Source records:
○ ○ ○ ○ ○ ○ ○

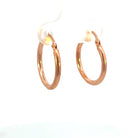 View of 15mm 14K rose gold hoop earrings that shows the thickness of the metal.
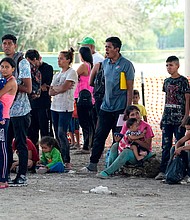 Migrants who crossed into the U.S. from Mexico wait to be processed by U.S. Border Patrol agents in Eagle Pass, Texas.
Mandatory Credit:	Eric Gay/AP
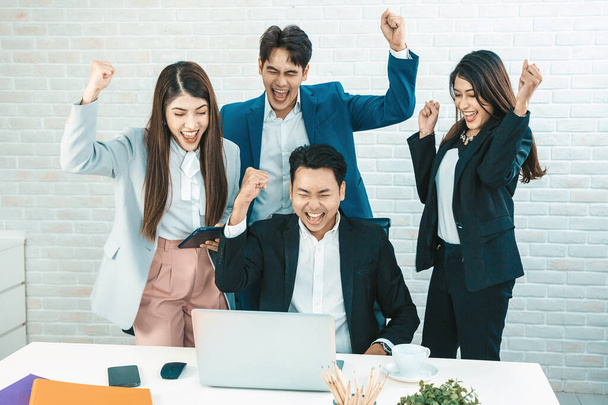 Happy diverse employees team celebrating teamwork success, business achievement at meeting.Group of successful happy business people working as a team in office on meeting. - 写真・画像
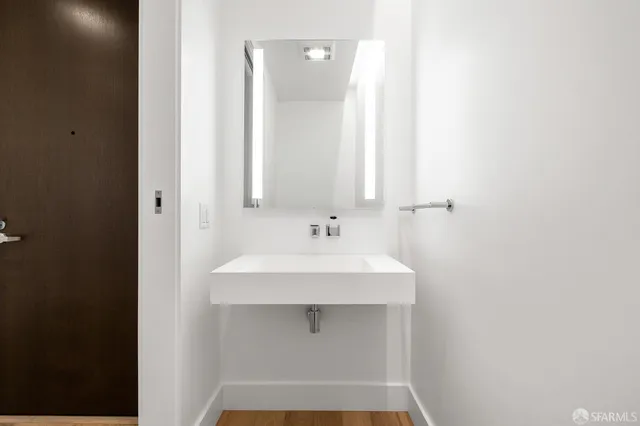 a bathroom with a sink and a mirror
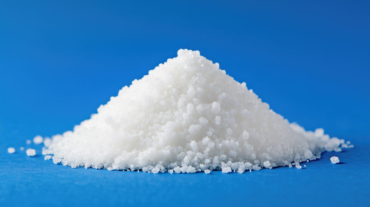 Pile of white powder on a blue surface. The powder is white and he is salt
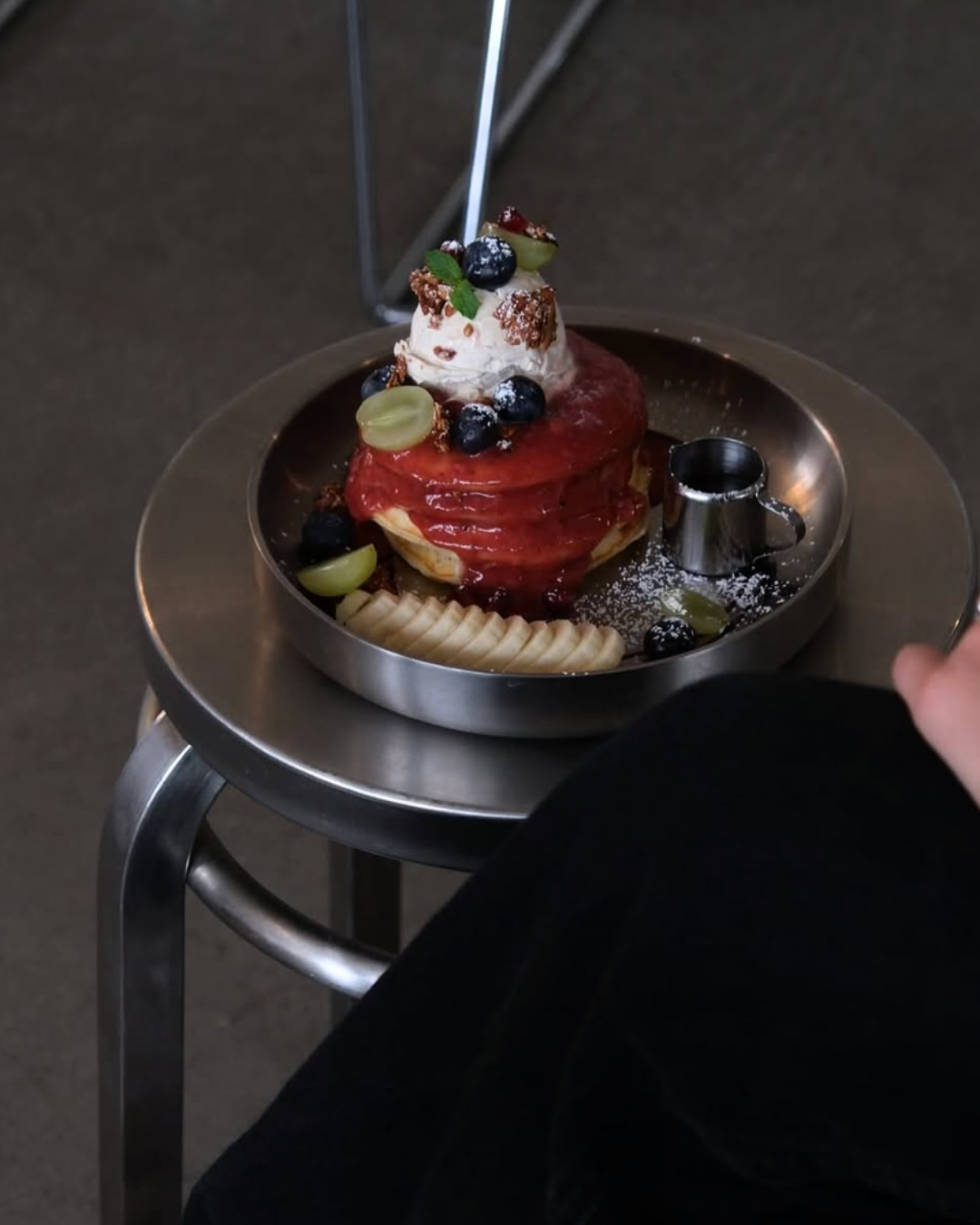 Ein Teller mit einem Pfannkuchen, bedeckt mit roter Fruchtsoße, verziert mit Heidelbeeren, grünen Trauben, einem Klecks Schlagsahne und Krokant. Ein kleines Messbecher-Behälter ist ebenfalls auf dem Teller. Der Teller liegt auf einem kleinen, runden,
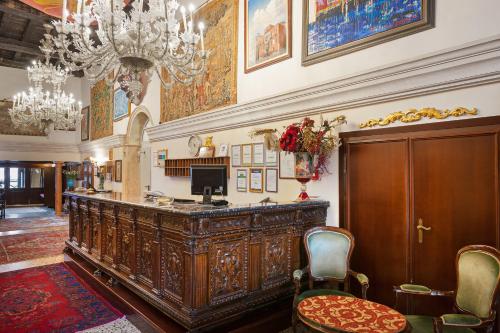 a lobby with a wooden bar with chairs and a chandelier at Residenza d'Epoca San Cassiano in Venice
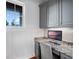 Cozy office space featuring granite countertops, built-in cabinets, and a window overlooking the outdoors at 9916 Lone Tree Ln, Orlando, FL 32836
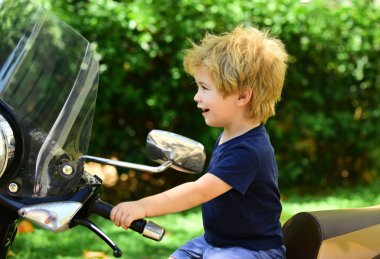 Küçük motosikletçi motosiklet ve gülümsüyor oturur. Motosiklet saplı sarışın çocuk. Yeşil doğal arka plan üzerinde gülümseyen mutlu çocuk. Temiz havada aile tatilleri.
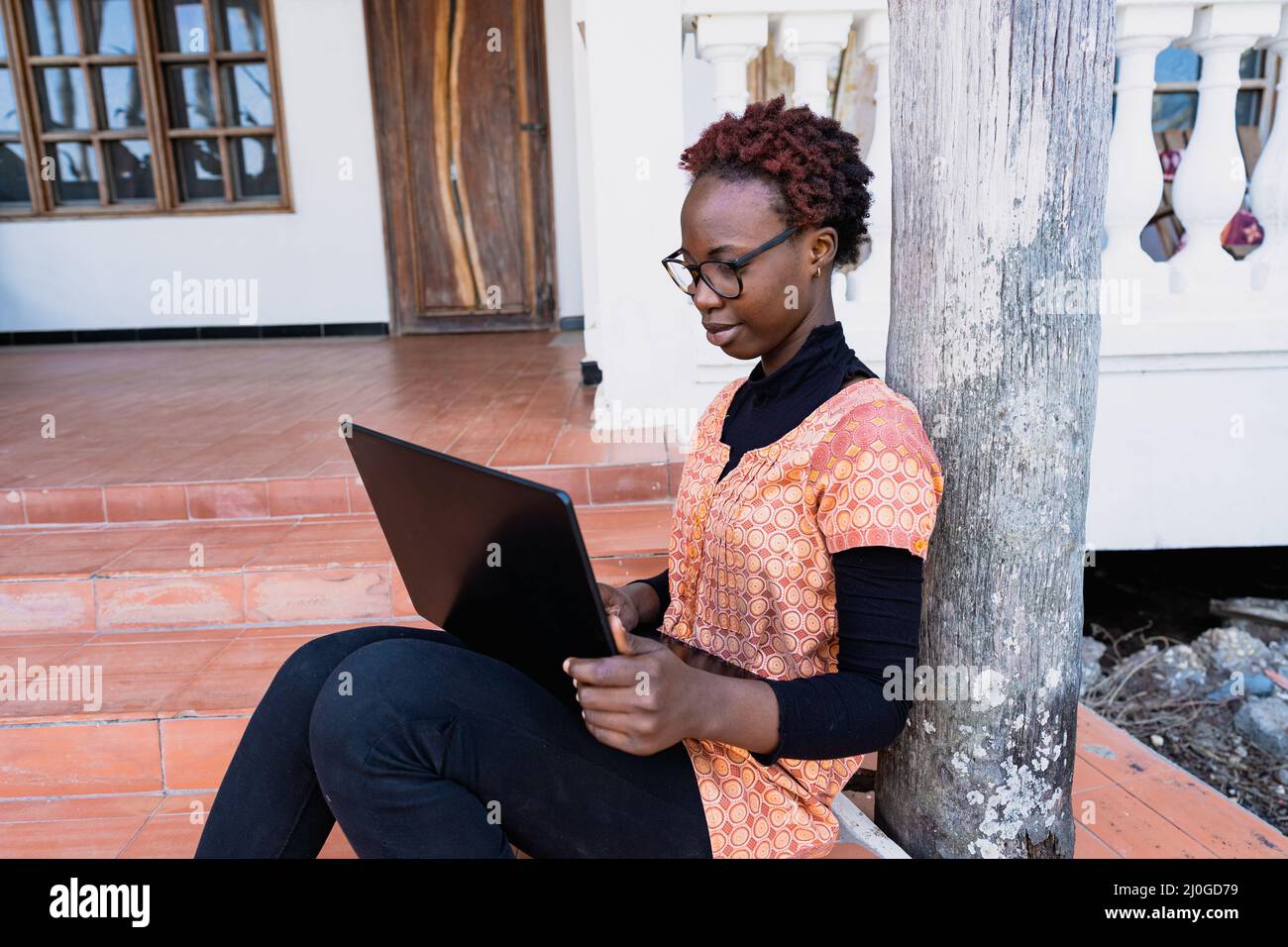 Intelligentes, junges afrikanisches Mädchen mit großen Gläsern, das auf den Stufen der Veranda ihres Hauses sitzt, während der COVID-Sperre im Fernunterricht Stockfoto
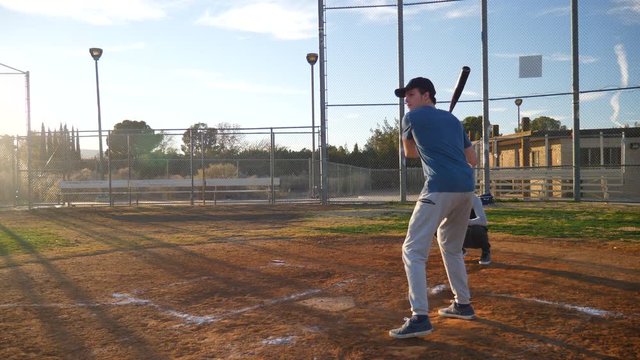 A young man baseball player hits a home run in slow motion and runs to first base during a team practice in the park at sunset.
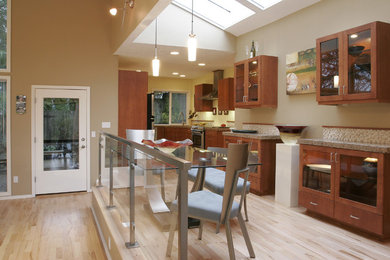 Kitchen - contemporary kitchen idea in Portland with glass-front cabinets and medium tone wood cabinets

○ ○ ○ ○ ○ ○ ○

Requirement
Transcribe exactly the span of lines from the line holding "Intelligentes, junges afrikanisches" through the last line above, both included. Pictures stay out.

Answer space
 Intelligentes, junges afrikanisches Mädchen mit großen Gläsern, das auf den Stufen der Veranda ihres Hauses sitzt, während der COVID-Sperre im Fernunterricht Stockfoto
 A young man baseball player hits a home run in slow motion and runs to first base during a team practice in the park at sunset.
 Kitchen - contemporary kitchen idea in Portland with glass-front cabinets and medium tone wood cabinets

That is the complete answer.